--- TASK TO CARRY OUT ---
The answer is to be an exact copy of the lines below running from the line with "BMW 8 Series full" down to the line with "Jam Tangan Unisex Petak Hitam", both ends included, and nothing more.

[Short descriptive text snippets]
= = = = =

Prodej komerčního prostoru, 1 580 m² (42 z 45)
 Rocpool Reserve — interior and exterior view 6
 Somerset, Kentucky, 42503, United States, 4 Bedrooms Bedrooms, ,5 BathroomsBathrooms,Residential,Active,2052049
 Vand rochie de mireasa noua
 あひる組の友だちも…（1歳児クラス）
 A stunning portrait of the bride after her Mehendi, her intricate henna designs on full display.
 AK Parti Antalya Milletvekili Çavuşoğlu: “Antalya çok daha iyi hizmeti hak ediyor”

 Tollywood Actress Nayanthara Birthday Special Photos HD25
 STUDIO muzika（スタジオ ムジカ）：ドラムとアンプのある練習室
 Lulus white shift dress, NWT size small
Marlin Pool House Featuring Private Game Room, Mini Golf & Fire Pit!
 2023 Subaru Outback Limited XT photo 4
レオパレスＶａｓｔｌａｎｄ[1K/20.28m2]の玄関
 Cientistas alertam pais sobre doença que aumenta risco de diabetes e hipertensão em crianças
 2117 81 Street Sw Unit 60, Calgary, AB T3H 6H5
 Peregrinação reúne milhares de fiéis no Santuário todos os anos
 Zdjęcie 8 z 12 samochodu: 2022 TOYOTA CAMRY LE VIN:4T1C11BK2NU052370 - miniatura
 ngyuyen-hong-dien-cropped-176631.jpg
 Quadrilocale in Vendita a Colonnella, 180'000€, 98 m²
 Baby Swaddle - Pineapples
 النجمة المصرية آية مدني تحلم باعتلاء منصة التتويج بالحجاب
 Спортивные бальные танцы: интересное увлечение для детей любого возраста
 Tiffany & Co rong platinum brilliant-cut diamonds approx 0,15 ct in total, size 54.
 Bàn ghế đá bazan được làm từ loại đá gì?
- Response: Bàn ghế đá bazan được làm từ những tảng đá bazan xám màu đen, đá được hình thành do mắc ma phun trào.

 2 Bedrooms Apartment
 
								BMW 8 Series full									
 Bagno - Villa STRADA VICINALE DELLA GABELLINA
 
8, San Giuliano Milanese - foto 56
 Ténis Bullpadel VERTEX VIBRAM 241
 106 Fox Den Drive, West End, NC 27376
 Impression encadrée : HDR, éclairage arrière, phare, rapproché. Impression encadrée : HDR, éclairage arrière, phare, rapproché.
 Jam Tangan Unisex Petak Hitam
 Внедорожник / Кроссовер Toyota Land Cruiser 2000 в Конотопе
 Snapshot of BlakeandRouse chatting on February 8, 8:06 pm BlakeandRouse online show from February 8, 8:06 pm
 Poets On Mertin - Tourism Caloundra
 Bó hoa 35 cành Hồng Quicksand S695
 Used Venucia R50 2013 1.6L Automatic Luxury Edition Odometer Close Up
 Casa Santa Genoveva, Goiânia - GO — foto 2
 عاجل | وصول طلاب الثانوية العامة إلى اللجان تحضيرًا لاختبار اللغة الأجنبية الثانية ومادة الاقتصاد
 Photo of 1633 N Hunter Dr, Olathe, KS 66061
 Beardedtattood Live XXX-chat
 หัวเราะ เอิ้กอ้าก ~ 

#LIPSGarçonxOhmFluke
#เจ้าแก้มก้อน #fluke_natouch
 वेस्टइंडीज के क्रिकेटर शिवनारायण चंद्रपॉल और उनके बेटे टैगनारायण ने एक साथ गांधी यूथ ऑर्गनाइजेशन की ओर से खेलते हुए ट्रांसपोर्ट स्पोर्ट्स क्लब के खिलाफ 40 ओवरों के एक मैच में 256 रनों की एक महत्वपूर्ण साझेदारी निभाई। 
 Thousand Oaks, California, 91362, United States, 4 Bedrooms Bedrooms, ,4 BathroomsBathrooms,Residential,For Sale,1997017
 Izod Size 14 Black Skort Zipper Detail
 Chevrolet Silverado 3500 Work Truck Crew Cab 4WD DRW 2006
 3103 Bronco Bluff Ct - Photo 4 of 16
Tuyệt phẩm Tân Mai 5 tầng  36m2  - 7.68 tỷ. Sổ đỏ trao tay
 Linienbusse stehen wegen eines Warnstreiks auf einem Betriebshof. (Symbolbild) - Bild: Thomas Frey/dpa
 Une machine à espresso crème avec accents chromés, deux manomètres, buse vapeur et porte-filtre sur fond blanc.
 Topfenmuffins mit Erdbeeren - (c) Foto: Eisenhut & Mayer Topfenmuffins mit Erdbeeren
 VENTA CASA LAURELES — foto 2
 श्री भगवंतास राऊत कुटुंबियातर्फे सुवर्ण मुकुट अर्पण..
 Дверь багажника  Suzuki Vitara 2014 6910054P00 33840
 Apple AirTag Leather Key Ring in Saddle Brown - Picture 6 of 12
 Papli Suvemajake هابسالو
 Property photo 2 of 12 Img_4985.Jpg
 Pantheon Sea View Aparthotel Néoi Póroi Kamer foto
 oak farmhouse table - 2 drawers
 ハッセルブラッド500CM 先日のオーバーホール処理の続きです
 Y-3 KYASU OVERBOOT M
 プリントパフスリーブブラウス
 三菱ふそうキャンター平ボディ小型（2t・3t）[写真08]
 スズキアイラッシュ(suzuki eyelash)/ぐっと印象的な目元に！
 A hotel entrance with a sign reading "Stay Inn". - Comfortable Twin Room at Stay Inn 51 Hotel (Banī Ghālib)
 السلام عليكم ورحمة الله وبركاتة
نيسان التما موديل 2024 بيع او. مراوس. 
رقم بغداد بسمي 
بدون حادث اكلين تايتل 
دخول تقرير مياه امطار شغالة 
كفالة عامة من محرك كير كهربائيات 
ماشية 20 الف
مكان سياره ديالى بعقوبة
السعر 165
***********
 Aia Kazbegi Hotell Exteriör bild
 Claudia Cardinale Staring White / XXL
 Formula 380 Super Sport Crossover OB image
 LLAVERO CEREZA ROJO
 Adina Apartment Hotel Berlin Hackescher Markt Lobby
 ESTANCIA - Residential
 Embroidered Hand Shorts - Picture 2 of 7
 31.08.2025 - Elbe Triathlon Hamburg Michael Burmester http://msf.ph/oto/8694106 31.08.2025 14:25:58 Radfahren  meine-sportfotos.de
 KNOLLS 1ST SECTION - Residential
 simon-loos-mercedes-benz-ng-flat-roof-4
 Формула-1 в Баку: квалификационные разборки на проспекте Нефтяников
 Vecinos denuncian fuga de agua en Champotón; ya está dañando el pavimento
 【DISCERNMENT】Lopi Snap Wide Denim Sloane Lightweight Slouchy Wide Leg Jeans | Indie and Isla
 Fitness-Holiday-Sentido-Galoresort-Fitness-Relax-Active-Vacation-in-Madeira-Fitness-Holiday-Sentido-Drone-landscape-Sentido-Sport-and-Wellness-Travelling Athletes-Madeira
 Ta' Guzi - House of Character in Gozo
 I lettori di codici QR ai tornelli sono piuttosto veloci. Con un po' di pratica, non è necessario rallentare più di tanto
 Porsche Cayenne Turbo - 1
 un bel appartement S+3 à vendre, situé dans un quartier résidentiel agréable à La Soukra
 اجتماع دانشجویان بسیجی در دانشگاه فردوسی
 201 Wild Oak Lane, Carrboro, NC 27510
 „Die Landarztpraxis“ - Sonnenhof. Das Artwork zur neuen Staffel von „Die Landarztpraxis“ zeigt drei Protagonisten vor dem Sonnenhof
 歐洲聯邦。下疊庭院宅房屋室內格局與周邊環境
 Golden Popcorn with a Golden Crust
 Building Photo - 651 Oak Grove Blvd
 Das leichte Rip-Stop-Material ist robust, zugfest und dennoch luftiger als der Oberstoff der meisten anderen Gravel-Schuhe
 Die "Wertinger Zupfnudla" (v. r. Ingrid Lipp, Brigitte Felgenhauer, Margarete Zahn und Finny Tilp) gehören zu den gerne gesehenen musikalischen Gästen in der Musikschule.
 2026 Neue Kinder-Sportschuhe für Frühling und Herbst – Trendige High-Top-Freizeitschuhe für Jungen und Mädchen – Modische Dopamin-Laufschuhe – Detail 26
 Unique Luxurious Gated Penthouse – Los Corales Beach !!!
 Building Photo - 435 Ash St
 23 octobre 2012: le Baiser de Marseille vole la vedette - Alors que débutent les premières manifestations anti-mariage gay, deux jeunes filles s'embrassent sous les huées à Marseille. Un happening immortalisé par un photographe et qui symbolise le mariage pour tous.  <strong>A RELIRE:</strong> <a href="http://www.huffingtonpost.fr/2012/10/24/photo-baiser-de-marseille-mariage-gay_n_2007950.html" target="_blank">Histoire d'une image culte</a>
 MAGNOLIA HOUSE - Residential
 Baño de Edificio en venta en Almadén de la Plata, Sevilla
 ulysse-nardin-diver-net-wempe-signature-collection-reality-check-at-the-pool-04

= = = = =

--- OUTPUT BELOW ---
								BMW 8 Series full									
 Bagno - Villa STRADA VICINALE DELLA GABELLINA
 
8, San Giuliano Milanese - foto 56
 Ténis Bullpadel VERTEX VIBRAM 241
 106 Fox Den Drive, West End, NC 27376
 Impression encadrée : HDR, éclairage arrière, phare, rapproché. Impression encadrée : HDR, éclairage arrière, phare, rapproché.
 Jam Tangan Unisex Petak Hitam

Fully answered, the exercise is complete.